序
張誌忠
盡管說,進入21世紀,中國的城市化進程正在加速進行,農村仍然是一個絕大的存在,來自鄉土的聲音,仍然是值得我們予以極大關注的。上個世紀的五六十年代,隨著鄉村社會的巨大變動,劉紹棠、李凖、浩然、王杏元等都是帶著鄉野的泥土氣息登上文壇的。改革開放的時代,鄉土文學作家群,仍然是文學創作的重要一翼,許多時候還要唱主角。陳忠實和莫言,就是絕好的例子。陳忠實上個世紀60年代初期高中畢業後回到陝西關中的鄉村,當過公社幹部和縣文化館創作員,以其質實厚重的《白鹿原》,雄視文壇。莫言呢,十一二歲的年紀,小學尚未畢業就失學,然後就參加鄉村的集體勞動,直到二十歲隨應征入伍之前,一直是在山東高密的家鄉務農,從《紅高粱》到《生死疲勞》,鄉村生活的記憶一直是他取之不盡的寫作資源。“問渠那得清如許,為有源頭活水來。”在中國大陸的現代化轉型中,廣大的鄉村,是其最為重要的部分,也是最為艱辛的所在。它積存了中國數千年農業社會的強大傳統,有著深厚的曆史積澱。

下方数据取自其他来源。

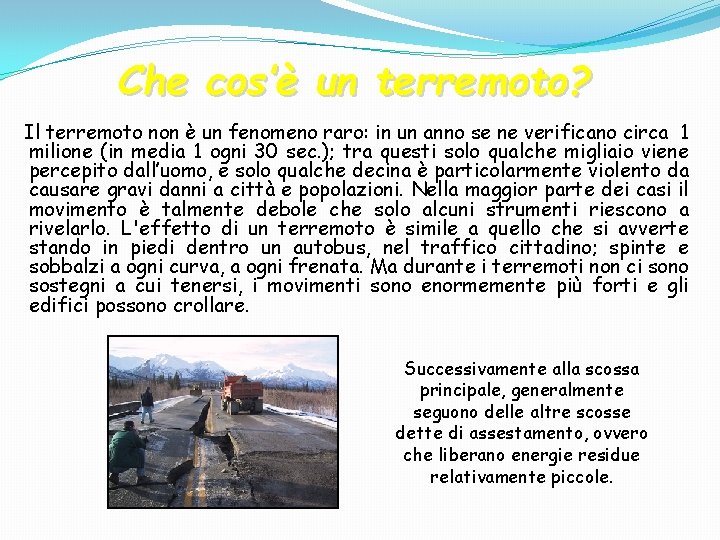 Che cos’è un terremoto? Il terremoto non è un fenomeno raro: in un anno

在近代以來的歐風美雨的衝擊中,又凸顯其民族性和保守性的一麵。同時,中國的鄉村又一直是充滿活力和生機的,無論是戰爭年代的農村包圍城市,還是土地改革和農業集體化運動;無論是土地承包責任製和鄉鎮企業的勃興,還是人數甚巨的農民工進城,億萬農民對中國曆史與現實的決定作用,他們的巨大創造性和曆史貢獻,都是不容忽視的。可以說,沒有一個半世紀以來中國農民的浴血奮鬥和艱難求索,當代中國是不可想象的。近年來的許多作家作品,如賈平凹的《高老莊》、《秦腔》,閻連科的《受活》、《丁莊夢》,都在寫鄉村社會的凋敝和衰亡,我當然相信這些貼近鄉土的作家的感受,但是,曾經經曆過N次的“置之死地而後生”的中國鄉村,真的到了山窮水盡、一蹶不振的境地,還是會出現再一次的山重水複、柳暗花明呢?
這要聯係到我短暫的知青生活經驗。諸多的描寫人民公社時代的鄉村生活的文字,都強調其當時的勞動積極性匱乏,勞動生產力低下,似乎都將那個時期妖魔化了;我在鄉村卻切身體驗到了農民的智慧或者說農民的狡猾。在極其有限的條件下,農民們都在為改善自己的生存狀況進行最大限度的努力,實行另一種“上有政策,下有對策”:開拓副業渠道,增收現金,靠山吃山辦磚廠,用拖拉機搞運輸,勞務輸出到火車站做裝卸工,都非常活躍;隻不過是做得多說得少,乃至盡量不說。在田間勞動中,能包工的盡量包工,調動積極性,我就記得,為了突擊栽種紅薯苗,規定挑一擔水記零點五個工分,農民為了多挑水,不願在水井口排大隊,跑到自己家,把水缸裏的水舀進桶裏挑出來應急。興修水利,建大寨田,有其華而不實的一麵,卻也有改良土地、提高產量的實效。何況,勞動是人的天性,無論什麼時代,那些勤勞能幹、農藝精湛的人們,都是受到他人的尊重和讚揚的,所謂“磨洋工”、“泡病號”雲雲,在當年並不多見。